There’s no clarity over whether an incident report has been recognised and whether it’s being acted on. This confusion reigns not only among customers, but also among Plex staffers themselves.
There’s clearly a bug management system as we see reference numbers in the changelogs. But that’s not the same thing - several support tickets might relate to the same bug, or indeed on ticket might relate to multiple bugs.
We’re paying customers. Do your job professionally. Go get Zendesk, desk.com, Zoho or any other ticketing system and start changing utter chaos into something that gets the job done properly!
They won’t because they simply don’t have the resources and that would also force them to have to respond to all tickets, while the forum enables them to only address issues or posts that they want too.
I’m not saying that I disagree, just explaining why they choose not too.
I’m with the OP. On the occasions I’ve had to seek help in the Samsung forum support has been excellent. However, anywhere else and, with the exception of some other users, all has been silent. Even when clearly there may be a bug no indication from Plex that they’ve acknowledged it let alone provided advice or tried to fix it.
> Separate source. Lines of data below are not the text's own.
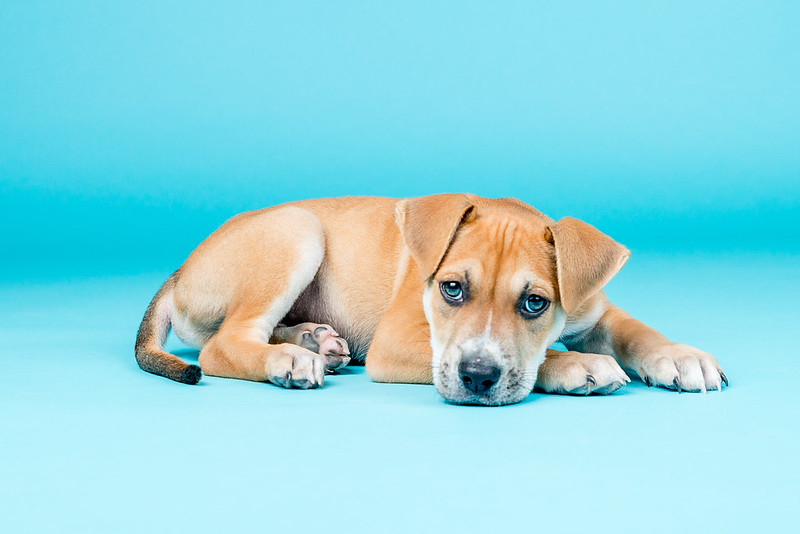 Balancing Early Socialization vs. Risk of Infection Canine Disease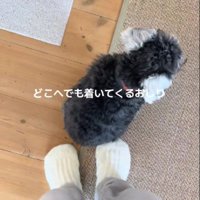 「行かないで」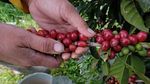 Harga Kopi Arabika Merosot Tajam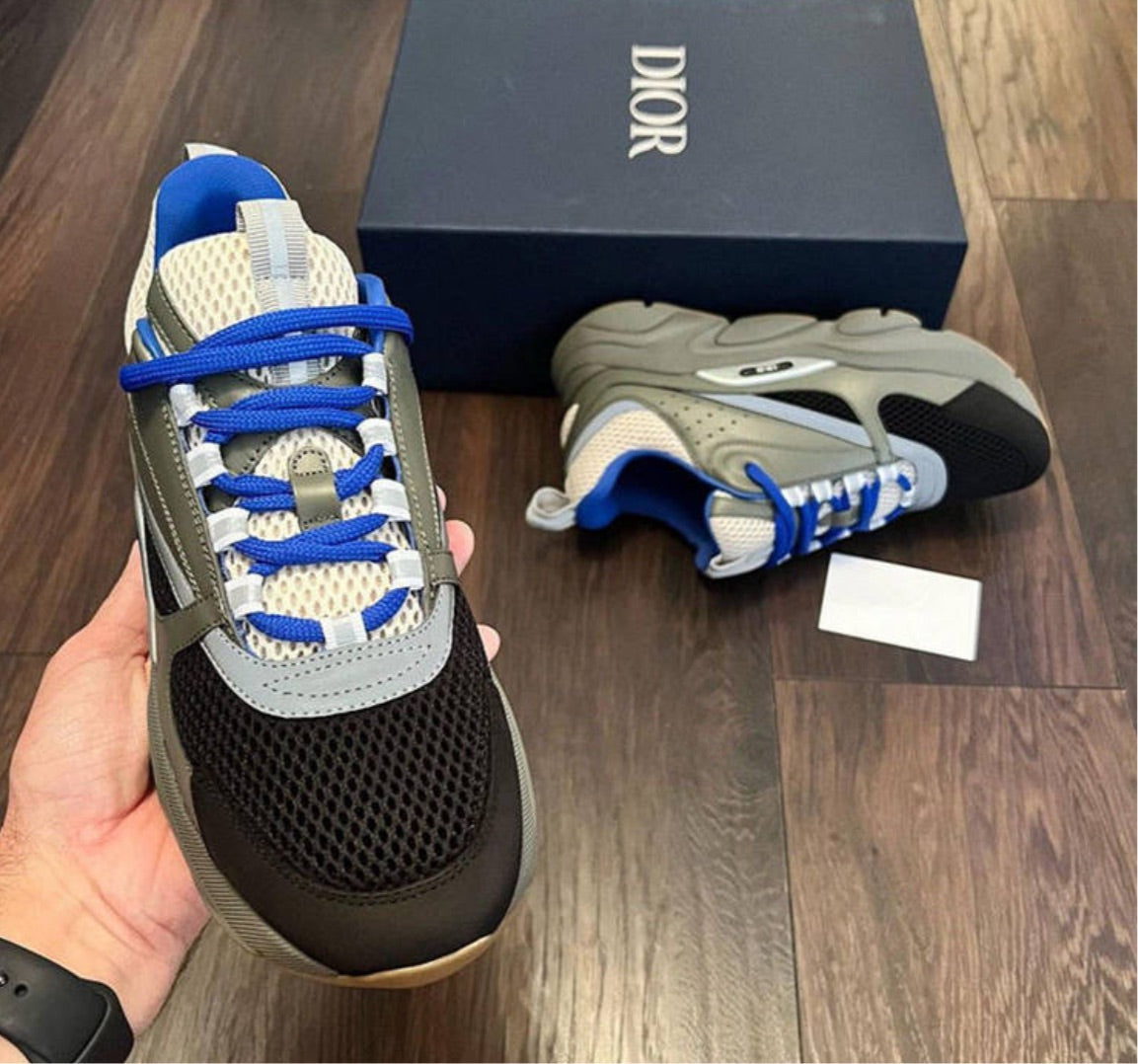 New Dior sneaker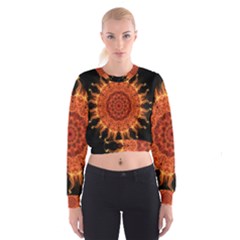 Flaming Sun Women s Cropped Sweatshirt by Zandiepants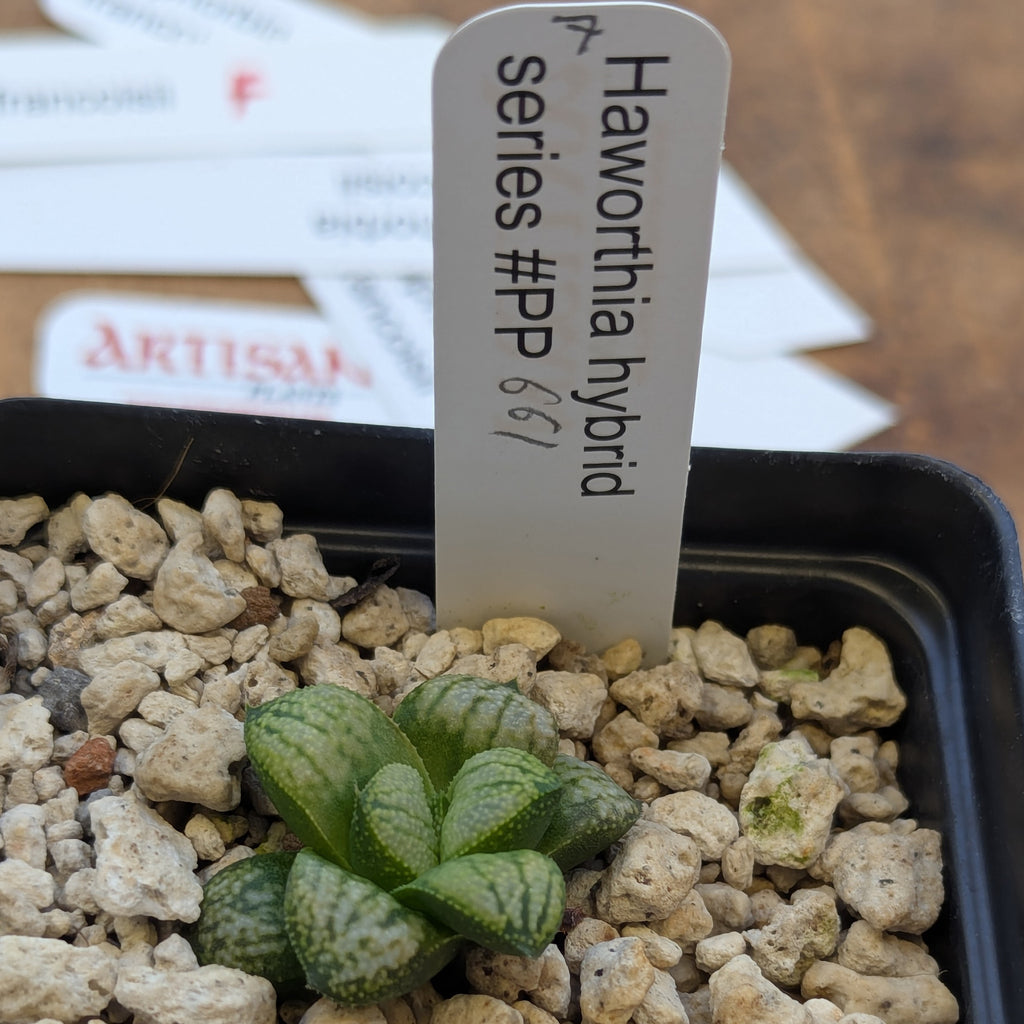 Haworthia PP661 hybrid series #7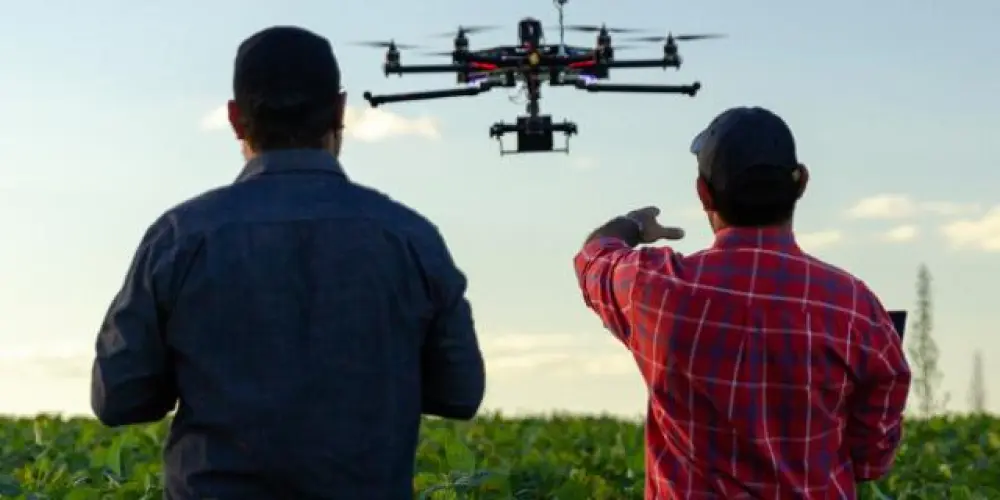 Imagem do grupo de WhatsApp 𝙋𝙞𝙡𝙤𝙩𝙤𝙨 (𝘿𝙧𝙤𝙣𝙚)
In the end I’ve just dropped the issue and become rather more disillusioned with Plex.
Many other development organisations manage to have a professional support tracking system so I don’t accept that, for Plex, it would involve additional resources. These resources are most likely already there they just have other priorities. So, really, its a question of priorities and the emphasis that management gives to supporting existing customers.
It’s not only us that suffers. I’ve seen examples where a Plex dev is acting on something without the fully history because it’s spread across several posts from different posters, and so they don’t fix the whole problem - and then have to go back and do it again.
It’s inefficient for Plex themselves, let alone irritating as hell for us. Just seems like poor management to me.
@jacpearm
Amen.
But the problem really is the goofy SDLC Plex uses to manage their software development.
@danjames92
Actually so am I.
But Plex may not be if they wanna sell more Plex Software… LOL
As Long as they do not disappear, especially since we are all VERY dependent on Plex Servers being up and accessible!
I can live with that too.
I totally agree with you, but it seems that they only care to launch some new features to attract new plex pass users, then they don’t update these features or they remove it, like vevo or amazon support for plex cloud. It’s just a mess.
Sometimes it’s out of their hands. Vevo pulled the contract (or similar) not long relatively speaking after Plex put a lot of work into this. It was working quite well also.
Amazon is quite “flakey” in what the allow for storage. One day everything works extremely well and the next day you are heavily throttled. Amazon tries to walk a fine line of being unlimited but yet not let 3rd parties exploit their service for “unlimited” storage (especially big files). I’ve seen the same thing happen over and over with a few companies. While one could argue maybe it was a bad idea to “bank” on Amazon for storage, people would have crusified Plex if they came out with a Cloud solution that doesn’t support it.
The idea behind Plex Cloud is sound but the implementation is well “fubared” to some degree. In both cases these issues are outside of Plex’s control and there isn’t anything Plex can do about it.
If we had a development API with actual hooks to the core system then users could come up with a similar system such as Vevo linking to music videos on multiple services. This would need to be community managed to keep Plex out of the hot seat.
As far as cloud storage goes unless Plex wants to get into the massive media hosting business themselves I’m not sure large massive libraries will be possible via cloud.